What did the researchers want to know?
What is the potential influence of adjudicators on performance ratings at a live large ensemble festival?
What did the researchers do?
Springer and Bradley (2018) collected evaluation forms from a concert band festival in the Pacific Northwest U.S. Each of the 31 middle school/junior high school bands performed three pieces and were rated by three expert judges on a scale of 5 (superior) to 1 (poor). Judges were also allowed to award “half points,” and they rated each group on eight criteria: tone quality, intonation, rhythm, balance/blend, technique, interpretation/musicianship, articulation, an “other performance factors” (such as appearance, posture, and general conduct). The researchers analyzed the data through a complex process called the Many-Facets Rasch Model.
What did the researchers find?
The use of half-points resulted in less clear/precise measurement than if half-points had not been allowed. All but one of the performance criteria “did not effectively distinguish among the highest-performing ensembles or the lowest-performing ensembles” (p. 385), which could indicate a halo effect–when judgements of certain criteria positively or negatively influence judgements of other criteria. Examination of judge severity revealed that one judge was more severe in their ratings than the other two, though all three more heavily utilized the higher end of the rating scale, indicating “leniency or generosity error” (p. 386). Finally, numerous instances in which some bands were rated unexpectedly higher or lower by one judge than the other two suggests “evidence of bias” (p. 386).

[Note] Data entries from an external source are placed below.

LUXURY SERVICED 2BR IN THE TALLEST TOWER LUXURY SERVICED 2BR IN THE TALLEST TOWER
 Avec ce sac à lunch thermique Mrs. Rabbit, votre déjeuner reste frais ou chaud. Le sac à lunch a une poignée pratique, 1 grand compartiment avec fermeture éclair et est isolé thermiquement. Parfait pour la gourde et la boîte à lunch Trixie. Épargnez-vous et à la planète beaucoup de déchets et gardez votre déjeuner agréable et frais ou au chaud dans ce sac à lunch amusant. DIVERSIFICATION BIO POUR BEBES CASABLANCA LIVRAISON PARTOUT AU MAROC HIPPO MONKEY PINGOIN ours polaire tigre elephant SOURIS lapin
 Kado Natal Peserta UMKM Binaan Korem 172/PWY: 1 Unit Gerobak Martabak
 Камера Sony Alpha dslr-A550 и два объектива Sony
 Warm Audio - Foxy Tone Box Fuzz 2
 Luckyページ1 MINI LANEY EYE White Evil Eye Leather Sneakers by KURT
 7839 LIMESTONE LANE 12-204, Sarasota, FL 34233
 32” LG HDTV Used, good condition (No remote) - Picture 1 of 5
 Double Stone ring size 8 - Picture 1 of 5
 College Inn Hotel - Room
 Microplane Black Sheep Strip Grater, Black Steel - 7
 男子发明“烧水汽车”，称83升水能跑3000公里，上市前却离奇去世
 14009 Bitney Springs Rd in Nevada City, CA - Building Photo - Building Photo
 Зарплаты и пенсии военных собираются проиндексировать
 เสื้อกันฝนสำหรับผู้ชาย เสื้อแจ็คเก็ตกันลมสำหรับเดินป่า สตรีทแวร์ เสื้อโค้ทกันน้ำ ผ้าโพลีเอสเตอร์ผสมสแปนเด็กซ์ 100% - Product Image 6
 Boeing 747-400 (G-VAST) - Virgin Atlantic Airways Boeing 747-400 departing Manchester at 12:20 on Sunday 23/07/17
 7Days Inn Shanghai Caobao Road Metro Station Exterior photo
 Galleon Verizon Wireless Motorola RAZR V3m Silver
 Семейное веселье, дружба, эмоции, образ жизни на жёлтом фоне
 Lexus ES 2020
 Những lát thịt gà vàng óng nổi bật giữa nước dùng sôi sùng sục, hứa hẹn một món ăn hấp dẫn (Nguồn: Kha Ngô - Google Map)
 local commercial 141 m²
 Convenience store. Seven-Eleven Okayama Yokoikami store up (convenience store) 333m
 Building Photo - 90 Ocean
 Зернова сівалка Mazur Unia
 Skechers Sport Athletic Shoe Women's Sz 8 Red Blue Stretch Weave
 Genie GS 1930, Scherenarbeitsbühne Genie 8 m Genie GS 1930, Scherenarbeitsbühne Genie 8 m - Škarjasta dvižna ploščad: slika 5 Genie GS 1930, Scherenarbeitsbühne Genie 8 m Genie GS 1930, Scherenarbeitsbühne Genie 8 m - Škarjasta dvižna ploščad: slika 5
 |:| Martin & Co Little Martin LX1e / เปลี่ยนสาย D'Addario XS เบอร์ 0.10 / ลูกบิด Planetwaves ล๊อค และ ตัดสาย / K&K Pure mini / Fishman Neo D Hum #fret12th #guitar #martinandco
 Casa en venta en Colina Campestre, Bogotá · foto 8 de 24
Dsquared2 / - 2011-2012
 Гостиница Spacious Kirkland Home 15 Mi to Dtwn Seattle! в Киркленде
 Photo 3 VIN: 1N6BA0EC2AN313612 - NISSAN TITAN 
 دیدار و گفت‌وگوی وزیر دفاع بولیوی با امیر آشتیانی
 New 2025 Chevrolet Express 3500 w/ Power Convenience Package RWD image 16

What does this mean for my classroom?
Adjudication training and calibration—ensuring judges rate in similar manners—is critical. Adjudicator training for the band festival studied by Springer and Bradley involved only a 30-minute session in which the adjudicator instructions and evaluation form were discussed and adjudicators were allowed to ask questions. A more in-depth and ongoing adjudicator training process may help improve the validity and reliability of ratings given. For example, Springer and Bradley suggest that adjudicators might participate in an “anchoring technique”—a process in which judges rate sample recordings and then discuss the specific “aural qualities necessary for rating each performance criterion on the scales provided on the evaluation form” (p. 389). Festival coordinators might also attempt to hire adjudicators from other geographic regions in order to reduce bias due to prior familiarity with bands or directors.